Das lange Leben der Unterwalden

Nicht nur Flughäfen, auch Flugzeuge haben eine Geschichte. Die wechselvolle Biographie der DC-4 »Unterwalden« ist eng mit dem Zürcher Flughafen verbunden.

Rostig war sie und kaputt noch dazu. Holpernd und knatternd schob sich die »Unterwalden« über die Startbahn. Ein Propeller stand still, die drei anderen drehten sich immer schneller, immer lauter und die DC-4 gewann langsam an Fahrt. Etwas schief hob sie schliesslich ab. Mühsam gewann sie an Höhe und bald darauf verschwand Zürich-Kloten hinter ihr. Es wurde der zweitletzte Flug der alten Maschine.

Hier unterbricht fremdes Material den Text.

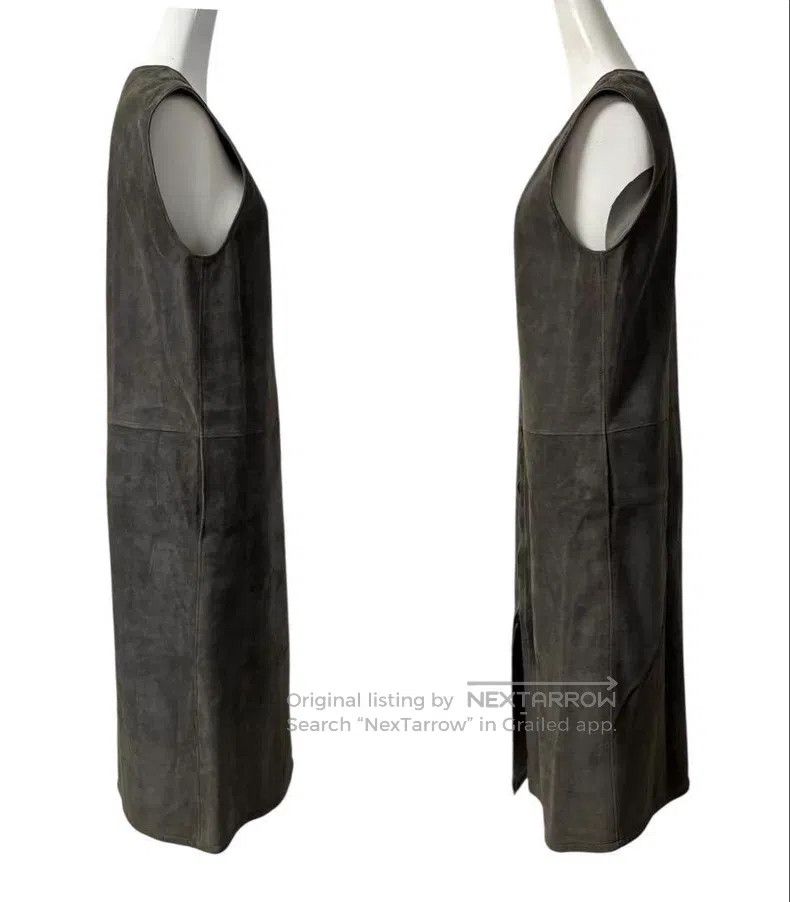 Hermes Hermes Leather Dress Size XXS / US 00 / IT 34 - 4 Thumbnail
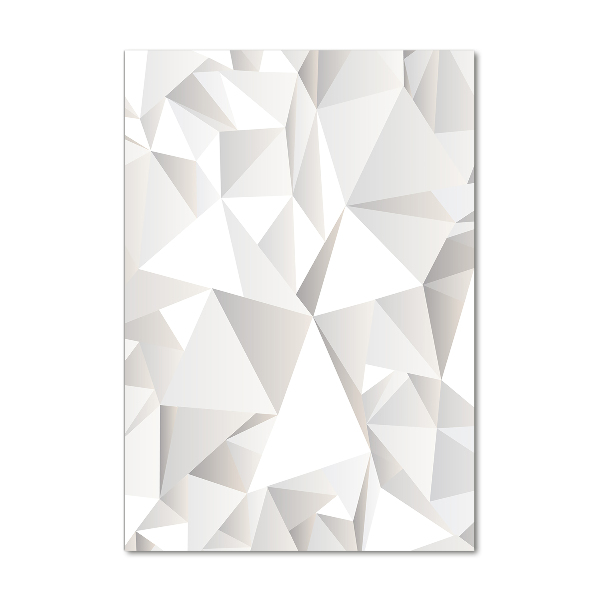 Acrylbild vertikal Abstrakter Hintergrund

Technische Artefakte erhalten viel Aufmerksamkeit – solange sie neu sind. Dabei lohnt es sich, den Blick auf ihr ganzes »Leben« zu erweitern. Die Biografie der DC-4 »Unterwalden« zeigt das besonders gut. Sie wurde vom Militärtransporter zur High-Tech-Maschine in Diensten renommierter Airlines. Dann ging sie an einen Charter-Anbieter, wurde zum Frachtflugzeug und schliesslich zur Transportmaschine in Südafrika. Dabei war die »Unterwalden« eng mit dem Flughafen Kloten verbunden. Hier wurde sie von den Zuschauerterrassen aus bestaunt, hier rückte sie mit zunehmendem Alter in den Hintergrund, hier startete sie im Mai 1988 zum zweitletzten Mal.

Flughäfen geben sich gerne als Orte von geradezu steriler Modernität. Dass hier ziemlich viel alte Technik herumfliegt, zeigt das Beispiel der DC-4 »Unterwalden«.

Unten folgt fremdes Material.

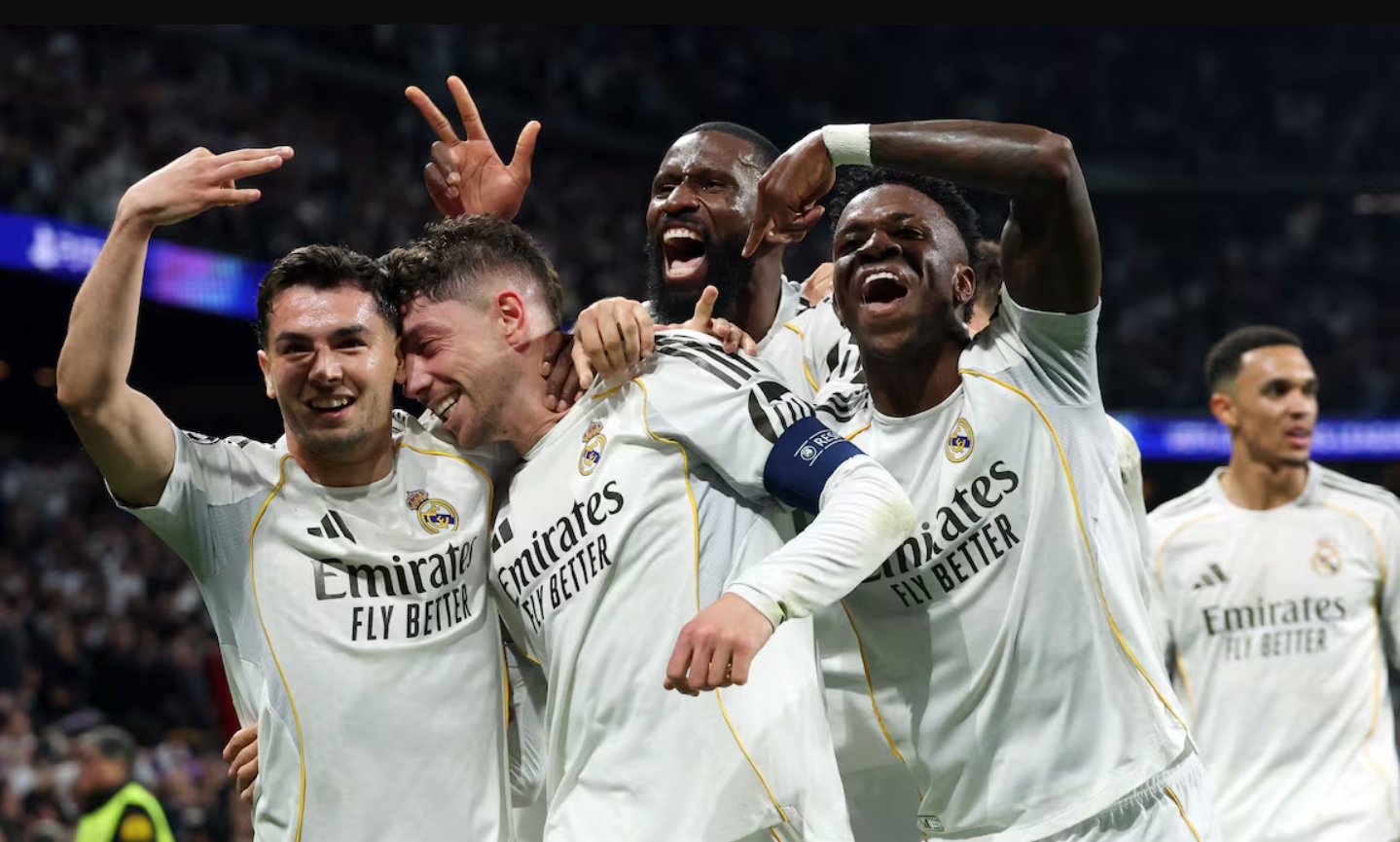 Real Madrid đã bao nhiêu lần lọt vào bán kết Champions League?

Abb. 1: Bestaunt und bewundert: Die »Unterwalden« vor der Besucherterrasse des Flughafens Kloten, 1953.

Anfänge

Die Geschichte der »Unterwalden« begann am 16. März 1945. Unter dem nicht sehr poetischen Namen USAF 44-9063 rollte die Maschine aus einem Produktionshangar der Douglas Aircraft Company. Eine C-54, ein Militärtransporter. Vermutlich beförderte sie in den letzten Kriegswochen noch Truppen und Material nach Europa – und im Sommer 1945 zurück in die USA. Dann hatte die Air Force keine Verwendung mehr für sie.1 Douglas kaufte die C-54 deshalb von der Armee zurück, baute sie zum Verkehrsflugzeug vom Typ DC-4 um und verkaufte sie im Februar 1946 an Pan American Airways. Sie wurde blau und weiss bemalt, erhielt die Kennung N88887 und den Namen »Clipper Monsoon«. Den berühmten Pan Am-Globus trug sie allerdings nie – er wurde erst neun Jahre später erfunden. Die DC-4 war ein Lastesel, ein Arbeitsgerät – und ein luftfahrthistorischer Meilenstein. Sie war das erste Flugzeug aus den Werkhallen von Douglas, das eine einfache Röhrenform aufwies. Die erste Maschine mit einziehbarem Fahrwerk, Tanks in den Flügeln und integrierter Bordküche. Dort wurde zwar nicht gekocht, sondern bloss aufgewärmt – aber immerhin.2

Die DC-4 war deutlich grösser als ihre Vorgängermodelle. So gross, dass erstmals ein bordinternes Telefon eingebaut wurde. Und so gross, dass zwei Piloten, ein Funker, ein Navigator, ein Bordingenieur und zwei bis drei Stewardessen benötigt wurden, um die Maschine zu fliegen und die 55 Passagiere zu betreuen. Die Reisegeschwindigkeit betrug 340 km/h und neue Instrumente3 erleichterten die Landung unter erschwerten Bedingungen.4 Allerdings brauchte die DC-4 dafür auch eine deutlich längere Piste als ihre Vorgängermodelle. Die Genfer Landebahn war bereits während des Krieges verlängert worden, in Basel wurde der Flugplatz Sternenfeld deswegen aufgegeben und in Zürich wurde bei Kloten ein komplett neuer Flughafen gebaut.5 Dieser war nicht bloss eine Verkehrsdrehscheibe, sondern eine Publikumsattraktion. Reiseunternehmen boten Ausflüge zum Flughafen Kloten an; die Zahl der Besucher*innen überstieg jene der Reisenden deutlich. Nirgendwo sonst liess sich der Geruch des Fortschritts und der Duft der weiten Welt so intensiv einatmen wie am neuen Flughafen, wo Maschinen aus der halben Welt eintrafen.6

Ob zu jener Zeit auch die »Clipper Monsoon« schon einmal in Kloten landete, ist nicht bekannt. Pan Am verfügte über 22 DC-4 und flog von den USA rund um den Globus. Die spätere »Unterwalden« könnte deshalb auch Honolulu, Beirut oder Manila angeflogen haben. Am wahrscheinlichsten ist aber, dass sie entweder zwischen Nord- und Südamerika im Einsatz war oder zwischen den USA und Europa. Dort landete die DC-4 schliesslich in den Diensten der Swissair.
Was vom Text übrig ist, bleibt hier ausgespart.